Software license agreements with multiple-element arrangements, such as those including license fees and maintenance fees, are recognized as separate units of accounting and are recognized as each element is earned based on the relative fair value of each element. A delivered element is considered a separate unit of accounting if it has value to the customer on a standalone basis, and delivery or performance of the undelivered elements is considered probable and substantially under the Company's control. If these criteria are not met, revenue for the arrangement as a whole is accounted for as a single unit of accounting.
Professional Services Revenue
Revenue from professional services, consisting of consulting, training and contract research activities, is recorded on a percentage-of-completion basis or as such services are performed as appropriate in the circumstances. Percentage-of-completion is used when the outcome of the contract can be estimated reliably and is assessed based on work completed as determined by the hours incurred. When the outcome of the contract cannot be estimated reliably, the amount of revenue recognized is limited to the cost incurred in the period.

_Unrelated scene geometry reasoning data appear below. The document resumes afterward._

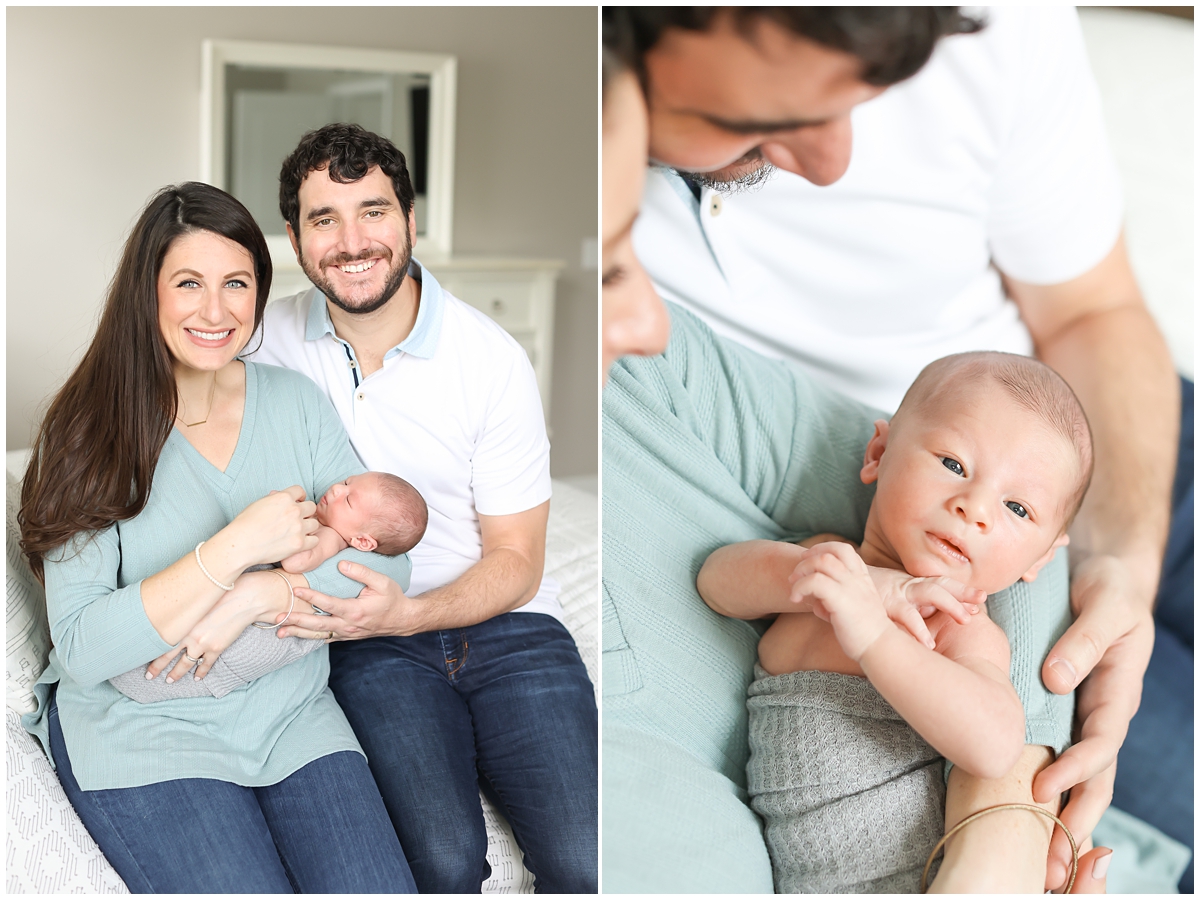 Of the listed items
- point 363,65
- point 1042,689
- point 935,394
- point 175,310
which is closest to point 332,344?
point 175,310

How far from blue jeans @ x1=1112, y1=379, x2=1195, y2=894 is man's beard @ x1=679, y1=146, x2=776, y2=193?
1.86 feet

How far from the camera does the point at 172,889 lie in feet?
3.01

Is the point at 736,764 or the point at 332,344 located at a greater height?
the point at 332,344

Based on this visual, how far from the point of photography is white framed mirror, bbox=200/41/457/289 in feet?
8.91

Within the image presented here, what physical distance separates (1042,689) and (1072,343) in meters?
0.40

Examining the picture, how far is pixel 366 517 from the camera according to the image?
1006 millimetres

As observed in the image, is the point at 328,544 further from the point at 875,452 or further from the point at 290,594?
the point at 875,452

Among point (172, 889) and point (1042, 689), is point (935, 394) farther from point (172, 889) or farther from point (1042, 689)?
point (172, 889)

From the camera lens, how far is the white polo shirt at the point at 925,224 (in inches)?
37.4

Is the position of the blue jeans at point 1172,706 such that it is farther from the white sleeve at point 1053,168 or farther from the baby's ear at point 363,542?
the baby's ear at point 363,542

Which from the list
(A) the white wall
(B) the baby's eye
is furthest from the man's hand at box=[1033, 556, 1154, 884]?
(A) the white wall

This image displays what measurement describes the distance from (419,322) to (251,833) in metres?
0.59

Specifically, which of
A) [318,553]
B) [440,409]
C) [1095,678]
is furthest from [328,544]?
[1095,678]

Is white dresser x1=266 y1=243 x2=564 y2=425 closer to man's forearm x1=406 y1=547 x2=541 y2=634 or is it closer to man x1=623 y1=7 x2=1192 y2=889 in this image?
man's forearm x1=406 y1=547 x2=541 y2=634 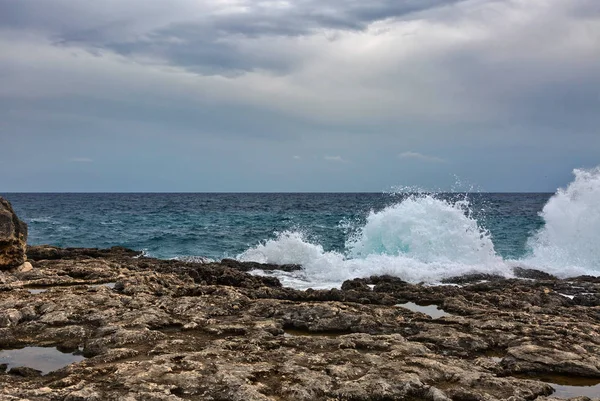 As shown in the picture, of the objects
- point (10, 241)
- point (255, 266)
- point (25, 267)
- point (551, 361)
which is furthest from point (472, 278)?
point (10, 241)

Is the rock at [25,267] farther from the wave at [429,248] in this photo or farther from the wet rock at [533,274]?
the wet rock at [533,274]

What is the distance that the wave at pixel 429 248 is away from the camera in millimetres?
21984

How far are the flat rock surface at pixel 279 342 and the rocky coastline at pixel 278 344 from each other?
0.09ft

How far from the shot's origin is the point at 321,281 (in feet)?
66.2

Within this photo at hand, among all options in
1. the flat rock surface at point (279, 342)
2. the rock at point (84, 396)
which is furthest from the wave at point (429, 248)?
the rock at point (84, 396)

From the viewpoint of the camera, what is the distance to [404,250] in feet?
94.3

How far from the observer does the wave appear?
22.0 meters

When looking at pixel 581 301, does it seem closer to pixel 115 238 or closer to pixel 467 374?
pixel 467 374

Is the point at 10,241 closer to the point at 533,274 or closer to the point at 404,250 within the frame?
the point at 404,250

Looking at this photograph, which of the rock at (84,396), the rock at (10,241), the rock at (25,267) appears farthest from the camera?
the rock at (25,267)

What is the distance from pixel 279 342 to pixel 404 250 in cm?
2093

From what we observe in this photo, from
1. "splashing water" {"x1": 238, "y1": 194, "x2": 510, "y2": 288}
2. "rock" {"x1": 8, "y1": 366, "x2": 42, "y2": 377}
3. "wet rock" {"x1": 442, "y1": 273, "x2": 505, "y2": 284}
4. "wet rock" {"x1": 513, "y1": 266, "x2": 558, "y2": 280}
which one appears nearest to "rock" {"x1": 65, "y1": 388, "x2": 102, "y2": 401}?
"rock" {"x1": 8, "y1": 366, "x2": 42, "y2": 377}

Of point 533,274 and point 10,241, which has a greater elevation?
point 10,241

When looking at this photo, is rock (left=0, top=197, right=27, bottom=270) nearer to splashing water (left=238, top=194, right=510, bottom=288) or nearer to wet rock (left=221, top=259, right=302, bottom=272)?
wet rock (left=221, top=259, right=302, bottom=272) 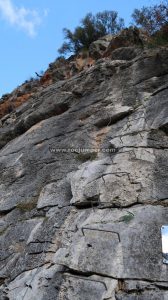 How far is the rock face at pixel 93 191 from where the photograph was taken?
5.25 m

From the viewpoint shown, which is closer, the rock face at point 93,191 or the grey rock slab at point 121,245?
the grey rock slab at point 121,245

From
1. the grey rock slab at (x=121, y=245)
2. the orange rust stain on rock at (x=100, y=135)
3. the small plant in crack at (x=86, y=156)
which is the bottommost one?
the grey rock slab at (x=121, y=245)

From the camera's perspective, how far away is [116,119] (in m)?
8.67

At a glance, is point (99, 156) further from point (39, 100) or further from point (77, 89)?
point (39, 100)

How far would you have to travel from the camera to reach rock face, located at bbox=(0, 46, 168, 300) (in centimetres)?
525

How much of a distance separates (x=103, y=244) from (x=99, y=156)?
2405 mm

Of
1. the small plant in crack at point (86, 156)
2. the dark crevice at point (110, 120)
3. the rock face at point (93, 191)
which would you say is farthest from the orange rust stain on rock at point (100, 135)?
the small plant in crack at point (86, 156)

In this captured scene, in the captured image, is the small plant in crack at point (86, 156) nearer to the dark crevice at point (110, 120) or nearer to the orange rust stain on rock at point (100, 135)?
the orange rust stain on rock at point (100, 135)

Cash is comprised of interest-earning bank accounts.
(d) PROPERTY AND EQUIPMENT:
Property and equipment are recorded at cost less accumulated depreciation. Cost includes expenditures that are directly attributable to the acquisition of the asset.
Depreciation is based on the cost of an asset and is recognized from the date the item is ready for use in the statement of comprehensive income using the following annual rates and methods that are expected to amortize the cost of the property and equipment over their estimated useful lives:
Computer equipment 33 1/3% straight-line Furniture and equipment 20% straight-line Leasehold improvements Straight-line over the lease term
Any gain or loss on disposal of an item of property and equipment (calculated as the difference between the net proceeds from disposal and the carrying amount of the item) is recognized in the statement of comprehensive income.
The estimated useful lives and depreciation methods are reviewed at each fiscal year-end and adjusted if appropriate.
(e) RESEARCH AND DEVELOPMENT COSTS:
All costs of product research and development are expensed to operations as incurred as the impact of both technological changes and competition require the Company to continually enhance its products on an annual basis. Research and development costs are recorded net of related SR&ED investment tax credits.
(f) JOINT RESEARCH AND DEVELOPMENT COSTS:
The Company participates in a joint project engaged in product research and development and accordingly records its proportionate share of costs incurred as research and development costs within the statement of comprehensive income.
(g) FINANCE INCOME AND FINANCE COSTS:
Finance income comprises interest income earned on the bank balances and is recognized as it accrues through the statement of comprehensive income, using the effective interest method.
Foreign currency gains and losses are reported on a net basis as either finance income or finance cost depending on whether foreign currency movements are in a net gain or net loss position. Foreign currency gains and losses are recognized in the period in which they occur.